__DIRECTIONS FOR THIS TASK__: Reproduce the listing verbatim through the line with "CKJ443 15.5 inches".

#####

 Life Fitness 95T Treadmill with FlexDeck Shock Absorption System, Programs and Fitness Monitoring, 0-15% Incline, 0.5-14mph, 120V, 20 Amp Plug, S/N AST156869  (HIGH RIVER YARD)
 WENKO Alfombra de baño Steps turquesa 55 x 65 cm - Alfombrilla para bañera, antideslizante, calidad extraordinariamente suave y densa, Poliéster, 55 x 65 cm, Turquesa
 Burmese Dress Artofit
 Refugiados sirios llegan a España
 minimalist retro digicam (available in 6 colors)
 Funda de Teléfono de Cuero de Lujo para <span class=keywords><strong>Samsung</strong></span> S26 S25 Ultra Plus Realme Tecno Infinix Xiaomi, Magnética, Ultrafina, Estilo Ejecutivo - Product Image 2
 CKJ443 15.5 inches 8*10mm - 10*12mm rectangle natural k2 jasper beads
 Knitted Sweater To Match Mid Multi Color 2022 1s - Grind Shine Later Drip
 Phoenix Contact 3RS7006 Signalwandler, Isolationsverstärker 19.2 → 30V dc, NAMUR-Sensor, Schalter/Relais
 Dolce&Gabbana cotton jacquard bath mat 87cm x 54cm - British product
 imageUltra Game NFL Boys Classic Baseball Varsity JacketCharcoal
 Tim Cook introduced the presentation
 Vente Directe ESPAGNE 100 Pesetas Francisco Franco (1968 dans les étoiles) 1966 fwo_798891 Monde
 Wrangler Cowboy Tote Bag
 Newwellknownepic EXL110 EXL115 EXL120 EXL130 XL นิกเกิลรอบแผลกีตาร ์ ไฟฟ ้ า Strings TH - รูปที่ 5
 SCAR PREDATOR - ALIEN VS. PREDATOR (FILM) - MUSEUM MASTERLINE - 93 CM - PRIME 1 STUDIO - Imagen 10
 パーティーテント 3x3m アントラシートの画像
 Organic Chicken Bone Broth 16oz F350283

#####

__WRITTEN ANSWER__:
 Life Fitness 95T Treadmill with FlexDeck Shock Absorption System, Programs and Fitness Monitoring, 0-15% Incline, 0.5-14mph, 120V, 20 Amp Plug, S/N AST156869  (HIGH RIVER YARD)
 WENKO Alfombra de baño Steps turquesa 55 x 65 cm - Alfombrilla para bañera, antideslizante, calidad extraordinariamente suave y densa, Poliéster, 55 x 65 cm, Turquesa
 Burmese Dress Artofit
 Refugiados sirios llegan a España
 minimalist retro digicam (available in 6 colors)
 Funda de Teléfono de Cuero de Lujo para <span class=keywords><strong>Samsung</strong></span> S26 S25 Ultra Plus Realme Tecno Infinix Xiaomi, Magnética, Ultrafina, Estilo Ejecutivo - Product Image 2
 CKJ443 15.5 inches 8*10mm - 10*12mm rectangle natural k2 jasper beads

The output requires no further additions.